** Opening EXTRACTED INFORMATION block **

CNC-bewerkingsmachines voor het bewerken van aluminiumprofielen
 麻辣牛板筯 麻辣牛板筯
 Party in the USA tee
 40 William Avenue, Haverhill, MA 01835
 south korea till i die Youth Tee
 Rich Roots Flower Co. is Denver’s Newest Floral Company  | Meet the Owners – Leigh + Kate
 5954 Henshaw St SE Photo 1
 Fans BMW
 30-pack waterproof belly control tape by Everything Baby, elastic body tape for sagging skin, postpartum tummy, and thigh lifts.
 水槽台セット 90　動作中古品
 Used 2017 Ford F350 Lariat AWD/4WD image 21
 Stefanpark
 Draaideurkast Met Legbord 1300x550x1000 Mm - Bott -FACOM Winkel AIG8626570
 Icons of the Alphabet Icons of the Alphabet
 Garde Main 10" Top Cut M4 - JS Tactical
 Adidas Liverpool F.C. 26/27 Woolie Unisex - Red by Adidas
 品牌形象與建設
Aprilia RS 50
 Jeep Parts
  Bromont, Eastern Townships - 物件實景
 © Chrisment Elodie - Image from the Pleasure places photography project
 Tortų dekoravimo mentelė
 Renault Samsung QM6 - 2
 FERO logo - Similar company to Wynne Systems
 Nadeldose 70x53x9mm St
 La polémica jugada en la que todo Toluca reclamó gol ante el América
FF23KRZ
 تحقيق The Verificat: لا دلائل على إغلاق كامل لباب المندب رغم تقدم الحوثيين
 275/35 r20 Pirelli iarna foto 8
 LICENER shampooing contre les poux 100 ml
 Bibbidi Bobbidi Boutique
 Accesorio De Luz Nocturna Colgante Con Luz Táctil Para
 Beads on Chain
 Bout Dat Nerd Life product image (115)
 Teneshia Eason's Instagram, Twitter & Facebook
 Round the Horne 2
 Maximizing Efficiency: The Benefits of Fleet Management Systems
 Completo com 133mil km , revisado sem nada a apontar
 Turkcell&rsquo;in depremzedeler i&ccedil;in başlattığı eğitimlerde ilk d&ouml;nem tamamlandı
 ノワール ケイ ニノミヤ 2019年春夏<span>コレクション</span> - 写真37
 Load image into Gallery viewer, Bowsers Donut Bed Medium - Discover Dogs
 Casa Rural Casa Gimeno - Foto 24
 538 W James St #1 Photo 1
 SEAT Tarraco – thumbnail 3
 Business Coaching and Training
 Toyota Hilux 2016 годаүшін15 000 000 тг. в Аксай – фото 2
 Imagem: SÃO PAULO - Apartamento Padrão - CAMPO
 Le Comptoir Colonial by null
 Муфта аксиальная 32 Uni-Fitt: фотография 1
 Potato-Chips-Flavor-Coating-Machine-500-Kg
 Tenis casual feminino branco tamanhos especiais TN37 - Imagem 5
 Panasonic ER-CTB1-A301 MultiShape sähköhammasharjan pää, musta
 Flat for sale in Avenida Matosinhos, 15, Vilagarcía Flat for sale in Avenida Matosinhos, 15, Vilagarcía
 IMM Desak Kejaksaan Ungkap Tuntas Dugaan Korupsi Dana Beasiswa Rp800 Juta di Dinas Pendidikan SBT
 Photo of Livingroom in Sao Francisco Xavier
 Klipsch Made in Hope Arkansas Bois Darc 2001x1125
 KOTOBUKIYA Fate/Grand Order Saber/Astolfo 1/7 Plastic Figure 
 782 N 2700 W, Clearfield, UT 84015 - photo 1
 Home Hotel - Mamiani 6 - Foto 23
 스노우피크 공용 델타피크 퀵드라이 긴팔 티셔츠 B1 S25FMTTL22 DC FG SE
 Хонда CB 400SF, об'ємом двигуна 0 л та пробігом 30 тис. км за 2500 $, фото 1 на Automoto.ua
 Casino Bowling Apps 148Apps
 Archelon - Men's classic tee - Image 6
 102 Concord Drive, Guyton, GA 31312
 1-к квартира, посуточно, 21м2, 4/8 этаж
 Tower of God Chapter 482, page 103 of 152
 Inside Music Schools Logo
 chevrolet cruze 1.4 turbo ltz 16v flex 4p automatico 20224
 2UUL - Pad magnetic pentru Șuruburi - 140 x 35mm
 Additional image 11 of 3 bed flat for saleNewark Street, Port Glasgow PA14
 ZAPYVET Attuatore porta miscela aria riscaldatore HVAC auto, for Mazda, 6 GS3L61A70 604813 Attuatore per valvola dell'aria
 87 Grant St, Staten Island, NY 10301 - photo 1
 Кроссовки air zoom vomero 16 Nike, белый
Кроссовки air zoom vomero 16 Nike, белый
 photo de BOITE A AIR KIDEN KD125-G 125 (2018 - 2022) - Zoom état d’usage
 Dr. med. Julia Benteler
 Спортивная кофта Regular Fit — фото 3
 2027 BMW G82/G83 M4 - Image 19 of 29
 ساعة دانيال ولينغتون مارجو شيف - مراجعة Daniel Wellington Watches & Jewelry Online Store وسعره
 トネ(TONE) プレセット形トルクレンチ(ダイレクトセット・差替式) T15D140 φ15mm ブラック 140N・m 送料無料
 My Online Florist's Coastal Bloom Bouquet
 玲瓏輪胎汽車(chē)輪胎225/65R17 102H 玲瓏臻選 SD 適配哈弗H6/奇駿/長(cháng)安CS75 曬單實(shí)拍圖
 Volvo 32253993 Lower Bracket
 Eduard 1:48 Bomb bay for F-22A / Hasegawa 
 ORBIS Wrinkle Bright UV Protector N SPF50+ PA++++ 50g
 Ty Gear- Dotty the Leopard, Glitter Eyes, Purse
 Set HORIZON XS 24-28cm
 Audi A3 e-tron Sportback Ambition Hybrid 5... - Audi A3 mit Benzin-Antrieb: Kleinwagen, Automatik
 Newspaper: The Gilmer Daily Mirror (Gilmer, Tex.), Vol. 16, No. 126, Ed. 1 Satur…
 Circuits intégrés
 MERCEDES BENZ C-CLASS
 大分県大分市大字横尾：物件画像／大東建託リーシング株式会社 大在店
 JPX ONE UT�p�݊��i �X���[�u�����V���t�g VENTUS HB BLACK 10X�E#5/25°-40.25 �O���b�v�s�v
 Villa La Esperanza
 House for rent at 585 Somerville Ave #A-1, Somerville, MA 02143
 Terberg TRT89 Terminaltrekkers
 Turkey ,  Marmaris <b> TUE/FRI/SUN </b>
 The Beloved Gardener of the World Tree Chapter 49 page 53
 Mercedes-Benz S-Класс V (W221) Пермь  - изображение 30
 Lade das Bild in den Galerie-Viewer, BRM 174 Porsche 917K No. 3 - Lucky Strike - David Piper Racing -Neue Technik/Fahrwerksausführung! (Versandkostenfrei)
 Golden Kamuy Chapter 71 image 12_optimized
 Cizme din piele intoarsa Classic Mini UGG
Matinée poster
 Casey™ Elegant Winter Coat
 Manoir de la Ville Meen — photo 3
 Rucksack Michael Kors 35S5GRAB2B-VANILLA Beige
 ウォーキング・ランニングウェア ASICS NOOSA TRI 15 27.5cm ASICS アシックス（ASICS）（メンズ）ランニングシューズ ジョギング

** Closing EXTRACTED INFORMATION block **

WHAT YOU ARE ASKED TO DO ▸
Lines from the start of the records through the one containing "places photography project" are what should be retyped, exactly and in full, both ends included.

SOLUTION FOR THIS PROBLEM ▸
CNC-bewerkingsmachines voor het bewerken van aluminiumprofielen
 麻辣牛板筯 麻辣牛板筯
 Party in the USA tee
 40 William Avenue, Haverhill, MA 01835
 south korea till i die Youth Tee
 Rich Roots Flower Co. is Denver’s Newest Floral Company  | Meet the Owners – Leigh + Kate
 5954 Henshaw St SE Photo 1
 Fans BMW
 30-pack waterproof belly control tape by Everything Baby, elastic body tape for sagging skin, postpartum tummy, and thigh lifts.
 水槽台セット 90　動作中古品
 Used 2017 Ford F350 Lariat AWD/4WD image 21
 Stefanpark
 Draaideurkast Met Legbord 1300x550x1000 Mm - Bott -FACOM Winkel AIG8626570
 Icons of the Alphabet Icons of the Alphabet
 Garde Main 10" Top Cut M4 - JS Tactical
 Adidas Liverpool F.C. 26/27 Woolie Unisex - Red by Adidas
 品牌形象與建設
Aprilia RS 50
 Jeep Parts
  Bromont, Eastern Townships - 物件實景
 © Chrisment Elodie - Image from the Pleasure places photography project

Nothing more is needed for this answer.